Required action>
Output nothing but the lines from the one holding "LEAGERA Compact Travel" to the end of the listing. Reproduce them exactly, without the pictures.

The data>
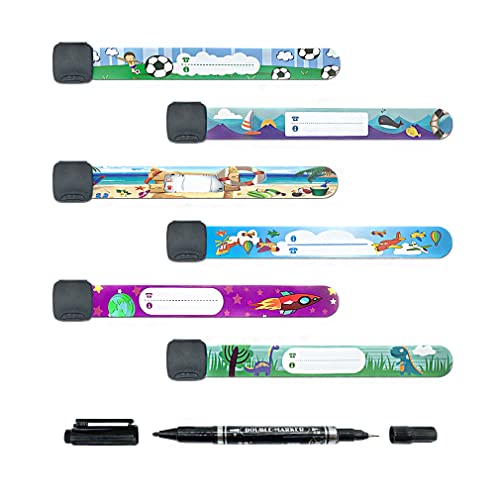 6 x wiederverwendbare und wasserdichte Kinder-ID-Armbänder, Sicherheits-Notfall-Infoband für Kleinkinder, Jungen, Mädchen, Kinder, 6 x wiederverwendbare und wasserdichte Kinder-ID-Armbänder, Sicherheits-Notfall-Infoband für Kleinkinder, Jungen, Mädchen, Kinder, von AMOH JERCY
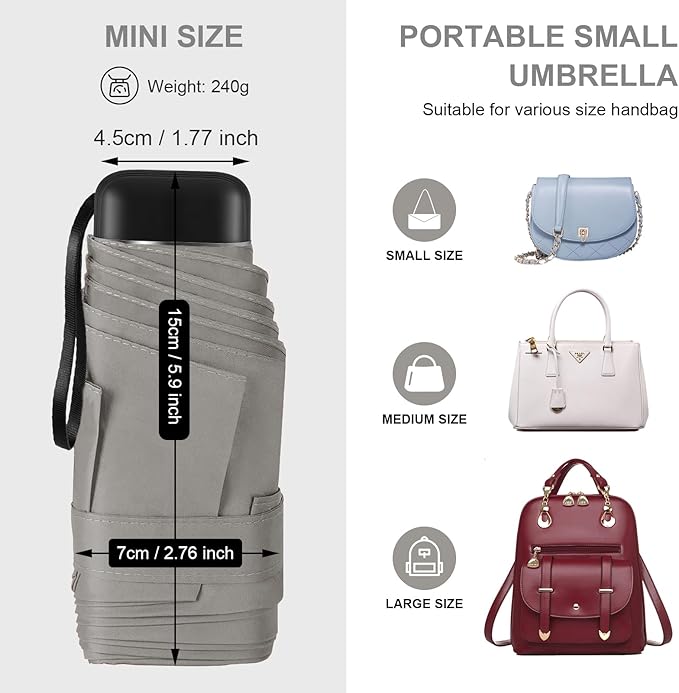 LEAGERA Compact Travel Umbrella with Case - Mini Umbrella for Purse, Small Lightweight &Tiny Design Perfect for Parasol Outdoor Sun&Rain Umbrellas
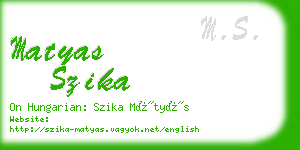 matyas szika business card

Result for this exercise>
 LEAGERA Compact Travel Umbrella with Case - Mini Umbrella for Purse, Small Lightweight &Tiny Design Perfect for Parasol Outdoor Sun&Rain Umbrellas
 matyas szika business card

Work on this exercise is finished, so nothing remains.